Well Helen Keller's inspiring life story has always fascinated me and which is also why I have seen most of the movie adaptations of William Gibson's famous play The Miracle Worker more than once. And indeed, Sarah Miller's Miss Spitfire basically tells the same story as portrayed in the former, as in William Gibson’s play (how Annie Sullivan is able to open Helen Keller's sightless and soundless world to language, to communication and personal interaction), but it is a biographical novel told from Annie Sullivan's perspective, and in her voice.
And for a mostly non-fiction, biographical account, Miss Spitfire is really rather majorly remarkable insofar that the presented narrative reads and flows very much like a novel. Sarah Miller's writing style is outstanding, amazing, superbly capturing (what I would consider) Annie Sullivan's voice, her ideas, her feelings and emotions (which is to say that the first-person narrative feels like it is Annie relating her story and not the author writing as "Annie"). However, Sarah Miller has not only managed to capture her narrator's voice, Annie Sullivan's voice. She has also managed to deliver an authentic, realistic and heartbreaking portrayal of seven year old Helen Keller, of her frustration, anger and isolation (and how her parents' overly tolerant, indulgent but ultimately neglectful and damaging behaviour towards their stricken daughter actually made this frustration much worse, how her parents' actions and indeed often the lack thereof turned an intelligent little girl, frustrated at not being able to communicate, at being isolated by her blindness and deafness, into a wild, seemingly crazed monster of a child).

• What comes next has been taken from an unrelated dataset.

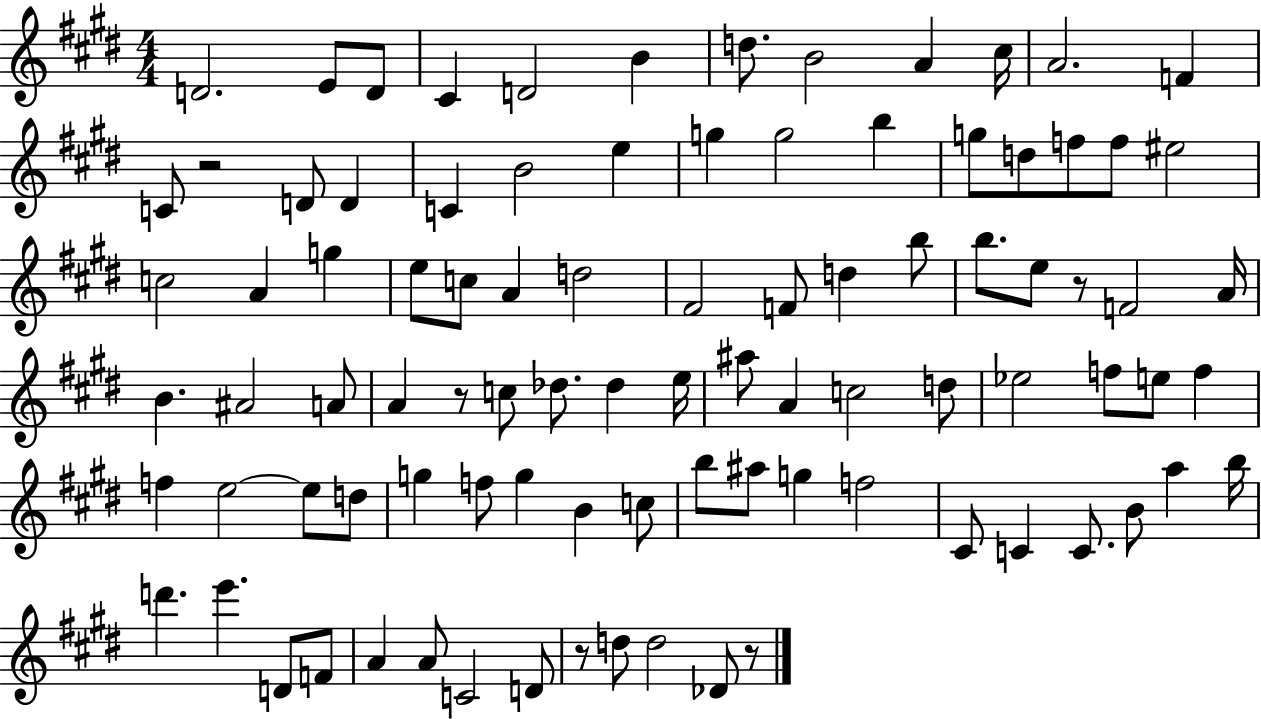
D4/h. E4/e D4/e C#4/q D4/h B4/q D5/e. B4/h A4/q C#5/s A4/h. F4/q C4/e R/h D4/e D4/q C4/q B4/h E5/q G5/q G5/h B5/q G5/e D5/e F5/e F5/e EIS5/h C5/h A4/q G5/q E5/e C5/e A4/q D5/h F#4/h F4/e D5/q B5/e B5/e. E5/e R/e F4/h A4/s B4/q. A#4/h A4/e A4/q R/e C5/e Db5/e. Db5/q E5/s A#5/e A4/q C5/h D5/e Eb5/h F5/e E5/e F5/q F5/q E5/h E5/e D5/e G5/q F5/e G5/q B4/q C5/e B5/e A#5/e G5/q F5/h C#4/e C4/q C4/e. B4/e A5/q B5/s D6/q. E6/q. D4/e F4/e A4/q A4/e C4/h D4/e R/e D5/e D5/h Db4/e R/e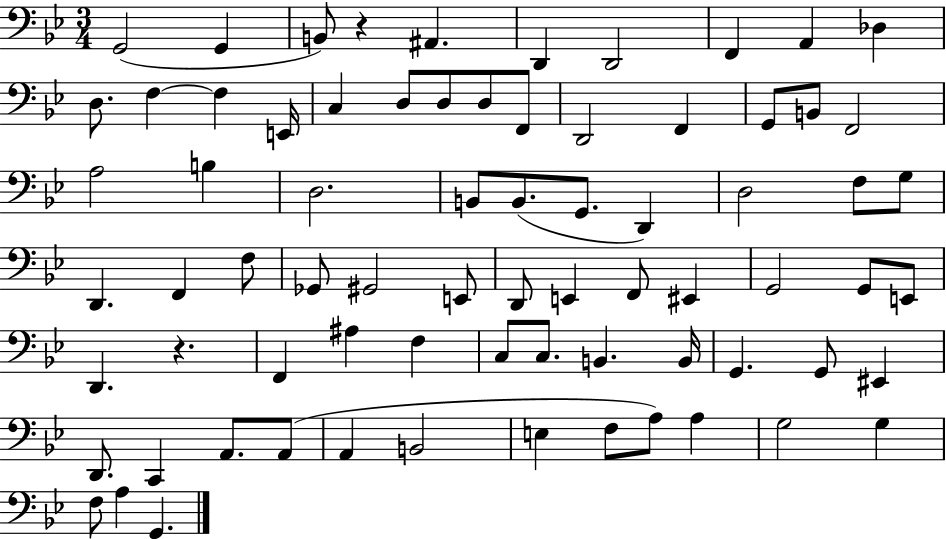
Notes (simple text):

G2/h G2/q B2/e R/q A#2/q. D2/q D2/h F2/q A2/q Db3/q D3/e. F3/q F3/q E2/s C3/q D3/e D3/e D3/e F2/e D2/h F2/q G2/e B2/e F2/h A3/h B3/q D3/h. B2/e B2/e. G2/e. D2/q D3/h F3/e G3/e D2/q. F2/q F3/e Gb2/e G#2/h E2/e D2/e E2/q F2/e EIS2/q G2/h G2/e E2/e D2/q. R/q. F2/q A#3/q F3/q C3/e C3/e. B2/q. B2/s G2/q. G2/e EIS2/q D2/e. C2/q A2/e. A2/e A2/q B2/h E3/q F3/e A3/e A3/q G3/h G3/q F3/e A3/q G2/q.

Now truth be told, Annie Sullivan is able to reach through to Helen Keller because she is equally stubbornly strong-willed and thus with every fibre of herself determined to fight for her pupil (even against Helen's family, even when Helen physically and violently lashes out at her). For in many ways, Annie understands the girl's anger and frustration, as they mirror her own personality, her own background and history, since Miss Spitfire was Annie's nickname at the Perkins Institution for the Blind, where she, a poor half-blind Irish-American orphan was educated. But Miss Spitfire would also have been a good nickname for Helen, at least until Annie is able to break through the barriers of frustration, isolation, and inadequate discipline to "reach" Helen, to teach her the magic of words, of language.
And indeed, I most highly recommend Miss Spitfire for older children, young adults, and really for anyone who enjoys engaging, novelistic biographies (and of course, for anyone interested in the lives of Helen Keller and Annie Sullivan). For Sarah Miller truly has a way with words; Annie and Helen are not just stock characters in an informative non-fiction account of Helen Keller's "awakening" they are living, breathing, emotionally nuanced characters, starring in an inspiring story from despair to hope, frustration to joy, isolation to communication.